**Record extracts**
= = = = = = =
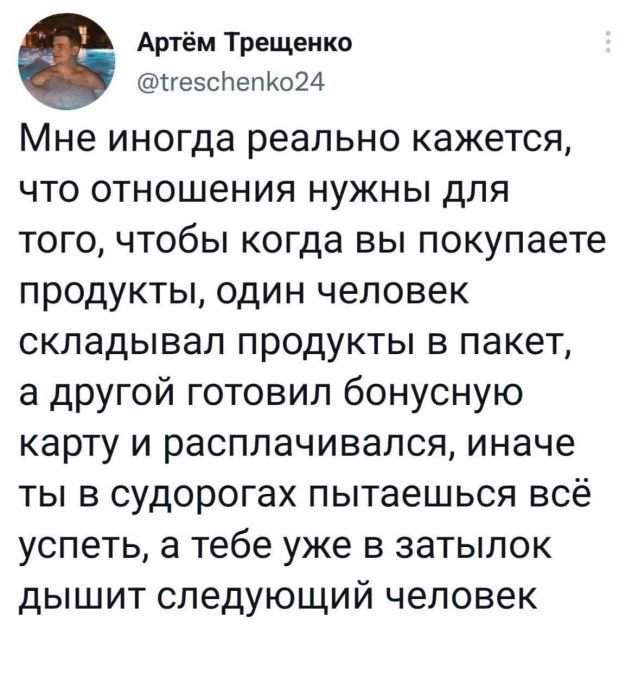 Подборка забавных твитов обо всем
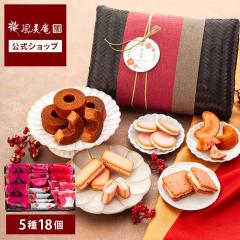 �|�������܂����X�C�[�c�Z�b�g�i��j�b䕂̂��َq�l�ߍ��킹 �������� ��}�֔��� Agift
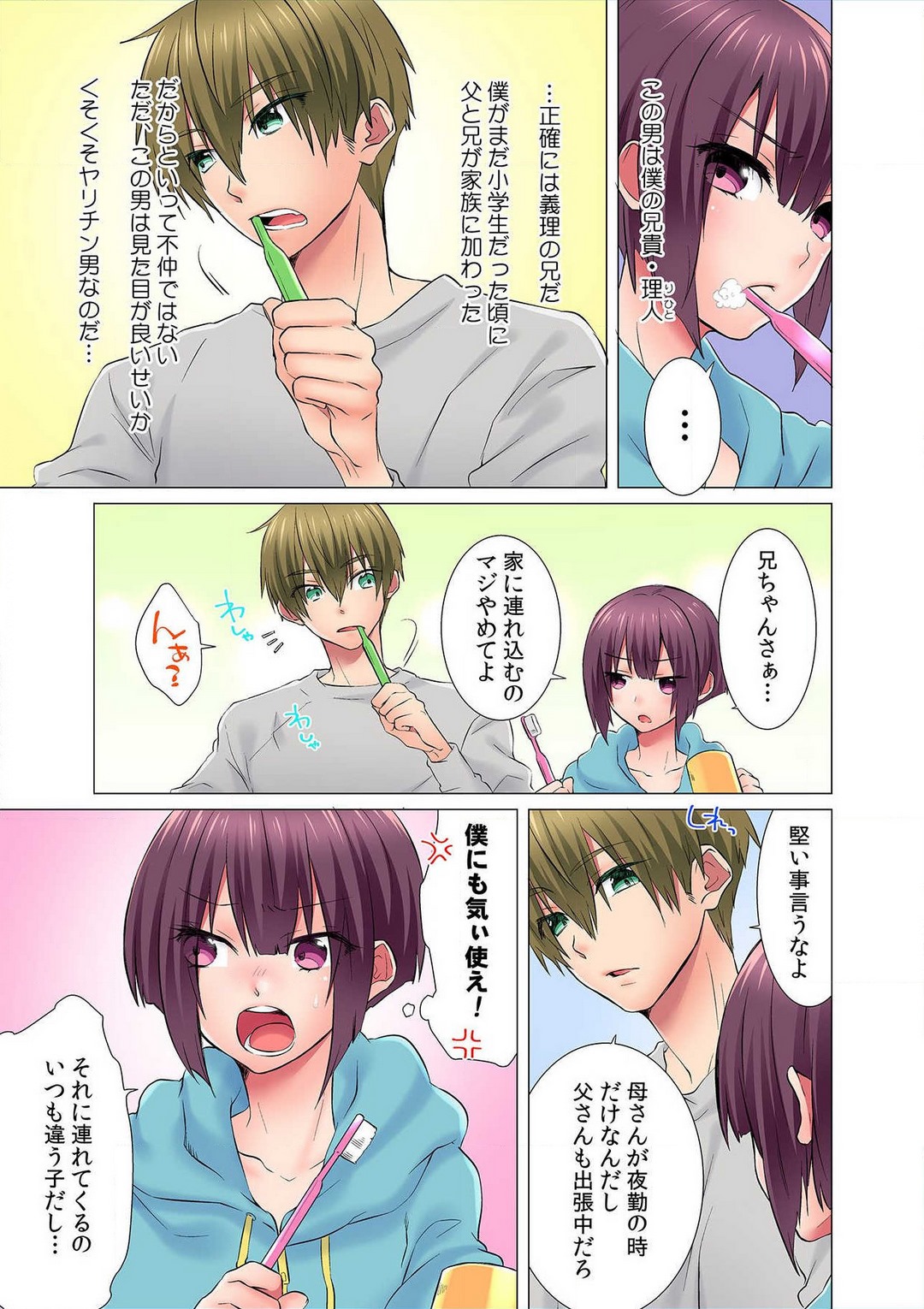 Hatsuiki wa Onnanoko no Karada de!? ~Nyotaika shita Boku no Naka ni Are ga Haicchattemasu!~ Ch. 1-5 page 5 full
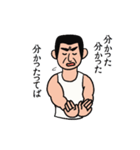 そこにユーモアと優しさを（個別スタンプ：29）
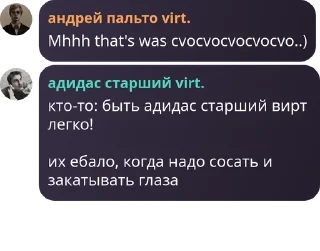 🫄 emoji ээээ виртчат pack by @QuotLyBot Telegram sticker 3 of 90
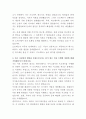 오티스 엘리베이터 IT엔지니어 자기소개서 3페이지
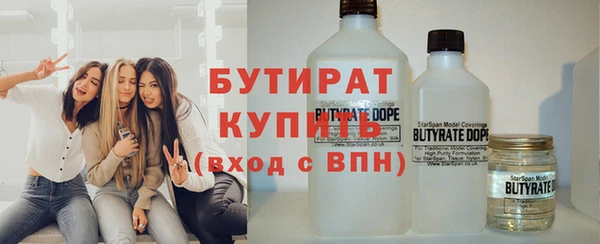 кокаин VHQ Белоозёрский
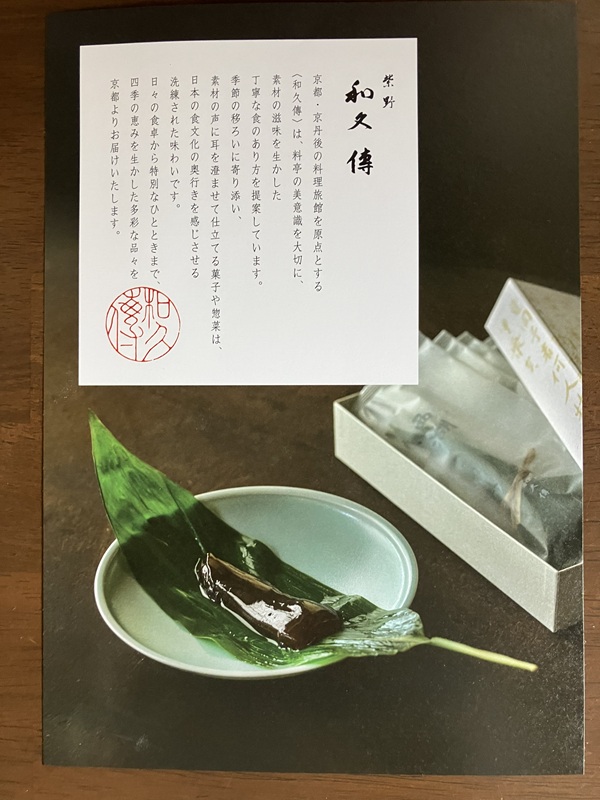 紫野和久傳パンフレット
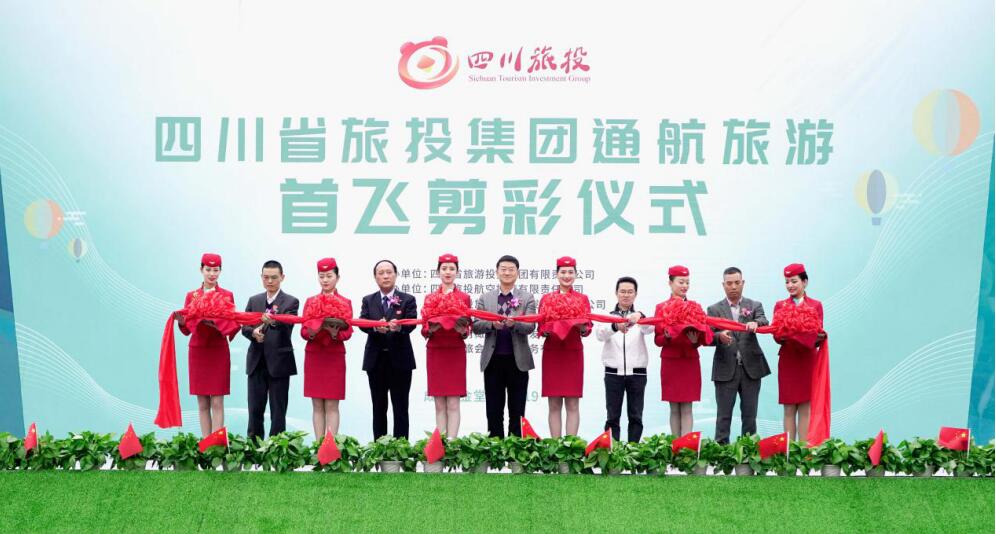 省尊龙集团官网集团进行通航游览热气球首飞典礼暨成都第三届油橄榄节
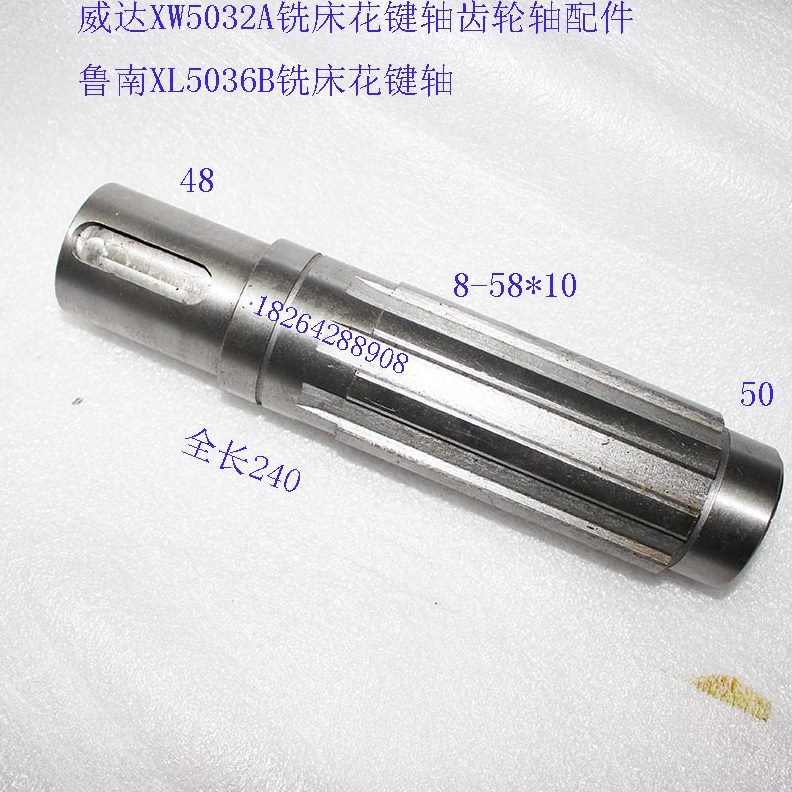 W花32B铣床AXLX威达轴键鲁南配件50铣床轴36花齿轮50键轴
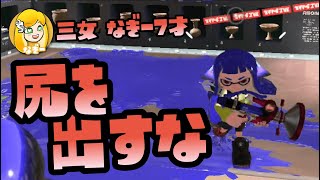 【スプラトゥーン2実況】なぎー7才、ガチマッチ中に尻を出してたら負けました【パパと三姉妹の100日戦争】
= = = = = = =
**The task**
Print only the lines from the line that contains "кокаин VHQ Белоозёрский" to the final line of the data, inclusive. Pictures stay out.

**Task output**
 кокаин VHQ Белоозёрский
 紫野和久傳パンフレット
 省尊龙集团官网集团进行通航游览热气球首飞典礼暨成都第三届油橄榄节
 W花32B铣床AXLX威达轴键鲁南配件50铣床轴36花齿轮50键轴
 【スプラトゥーン2実況】なぎー7才、ガチマッチ中に尻を出してたら負けました【パパと三姉妹の100日戦争】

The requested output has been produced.